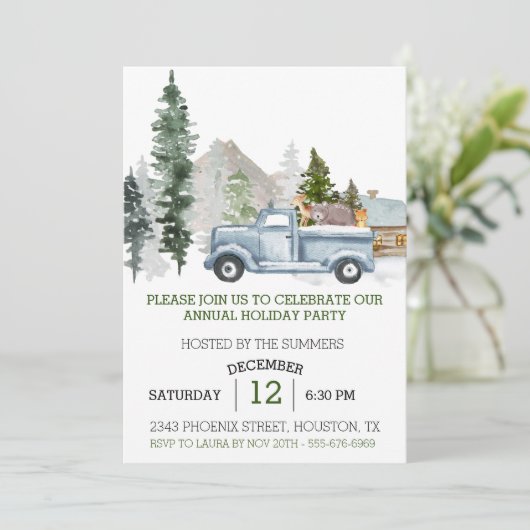 Rustige Waterverf Woodland kerstfeest Kaart (Staand voorkant)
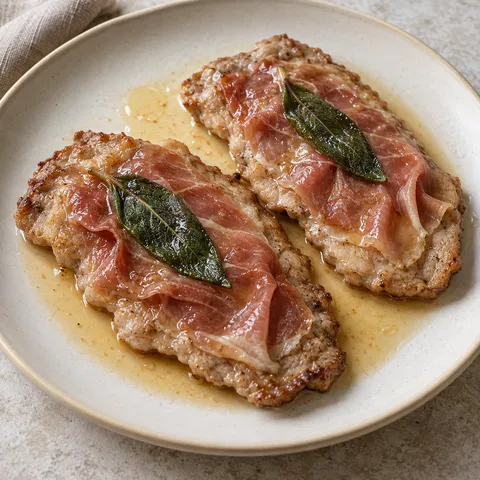 Saltimbocca alla romana con prosciutto, salvia e fondo al vino bianco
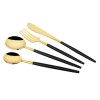 Set Tacamuri 24 Piese KEMET VK 1603 Inox Auriu Negru - Linguri, Furculite, Cutite, Lingurite - Design Elegant Modern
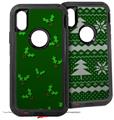 2x Decal style Skin Wrap Set compatible with Otterbox Defender iPhone X and Xs Case - Christmas Holly Leaves on Green (CASE NOT INCLUDED)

What to produce:
Transcribe everything above exactly. Do not include the pictures.

Answer:
 Rustige Waterverf Woodland kerstfeest Kaart (Staand voorkant)
 Saltimbocca alla romana con prosciutto, salvia e fondo al vino bianco
 Set Tacamuri 24 Piese KEMET VK 1603 Inox Auriu Negru - Linguri, Furculite, Cutite, Lingurite - Design Elegant Modern
 2x Decal style Skin Wrap Set compatible with Otterbox Defender iPhone X and Xs Case - Christmas Holly Leaves on Green (CASE NOT INCLUDED)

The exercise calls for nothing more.